PS. For your interest, I was teaching on much the same principles as Lecoq Boisbaudran for at leat 25 years before I learnt of his existence. These I derived from research done at the University of Stirling in the early 1980s <http://www.painting-school.com/the-course/the-course-director/>.
7 thoughts on “Elizabeth Cavé and Eugene Delacroix.”
How interesting to learn about Elizabeth’s use of developing the memory when learning to draw. I had never even heard of her! I wonder who some of her students were. Thank you for continuing to expand this fascinating history of relationships and developments during this key time and place in art history.
Always enjoy your explorations into the imagination and science explord by the artists. Points to ponder!
Very interesting indeed!
Merci Francis de rechercher et souligner cette influence de grandes dames comme Elizabeth… en tout cas, elle était belle, muse sûrement …
It would be interesting to know more about Elisabeth Cavé and who her students were. Her ideas on memory were obviously being talked about even if the artists you mention didn’t all know each other.

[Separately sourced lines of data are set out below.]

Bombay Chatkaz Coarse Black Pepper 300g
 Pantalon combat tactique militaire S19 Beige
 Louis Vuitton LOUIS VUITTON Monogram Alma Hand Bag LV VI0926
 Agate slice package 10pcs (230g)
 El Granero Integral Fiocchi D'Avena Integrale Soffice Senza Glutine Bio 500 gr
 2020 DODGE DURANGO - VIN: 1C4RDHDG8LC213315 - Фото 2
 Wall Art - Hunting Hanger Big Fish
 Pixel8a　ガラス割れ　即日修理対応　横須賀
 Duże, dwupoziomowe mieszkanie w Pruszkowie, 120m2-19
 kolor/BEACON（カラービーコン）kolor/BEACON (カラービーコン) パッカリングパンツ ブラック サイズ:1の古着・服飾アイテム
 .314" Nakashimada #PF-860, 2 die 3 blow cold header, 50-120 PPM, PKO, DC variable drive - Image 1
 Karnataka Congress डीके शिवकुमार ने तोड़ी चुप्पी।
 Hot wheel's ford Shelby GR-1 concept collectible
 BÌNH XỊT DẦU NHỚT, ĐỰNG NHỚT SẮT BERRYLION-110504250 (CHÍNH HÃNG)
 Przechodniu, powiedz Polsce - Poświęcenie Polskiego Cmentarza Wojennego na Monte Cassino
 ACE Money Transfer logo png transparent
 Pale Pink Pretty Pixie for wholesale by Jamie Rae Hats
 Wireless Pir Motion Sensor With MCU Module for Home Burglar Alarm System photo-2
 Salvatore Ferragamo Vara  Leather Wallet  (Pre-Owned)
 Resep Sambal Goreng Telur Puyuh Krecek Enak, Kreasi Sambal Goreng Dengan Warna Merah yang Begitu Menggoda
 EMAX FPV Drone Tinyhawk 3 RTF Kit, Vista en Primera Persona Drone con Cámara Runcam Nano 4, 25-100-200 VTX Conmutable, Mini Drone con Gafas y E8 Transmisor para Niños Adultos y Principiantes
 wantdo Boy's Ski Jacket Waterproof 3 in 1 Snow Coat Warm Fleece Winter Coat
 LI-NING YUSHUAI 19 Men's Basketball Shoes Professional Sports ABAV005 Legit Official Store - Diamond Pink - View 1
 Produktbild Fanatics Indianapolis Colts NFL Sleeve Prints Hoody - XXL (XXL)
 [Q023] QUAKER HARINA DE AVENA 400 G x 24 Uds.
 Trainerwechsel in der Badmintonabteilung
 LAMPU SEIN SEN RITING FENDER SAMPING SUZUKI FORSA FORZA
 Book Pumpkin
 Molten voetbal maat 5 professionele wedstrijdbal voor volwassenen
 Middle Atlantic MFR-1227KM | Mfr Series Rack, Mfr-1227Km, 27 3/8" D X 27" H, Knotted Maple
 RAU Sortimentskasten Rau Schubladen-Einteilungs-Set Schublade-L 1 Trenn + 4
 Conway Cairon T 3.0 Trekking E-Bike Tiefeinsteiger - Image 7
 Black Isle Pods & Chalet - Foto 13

Thanks Frances for this comment. You can access Elizabeth Cavé’s description of her method on the Internet. To my way of thinking it was not nearly as interesting as that of Horace Lecoq Boisbaudran. However, if for no other reason, the fact that Delacroix praised it and that it was taken up by the state, makes it significant in art history. All the male artists I mention did know each other and, in view of her relationship with their hero Delacroix, it would be astonishing if they did not know of Elizabeth Cavé and her interest in training the memory. All, except Delacroix, were either actual students of Lecoq Boisbaudran or friends of theirs who are known to have been enthused by his ideas.
Thank you, Francis. I read this with real appreciation and interest. I will share it.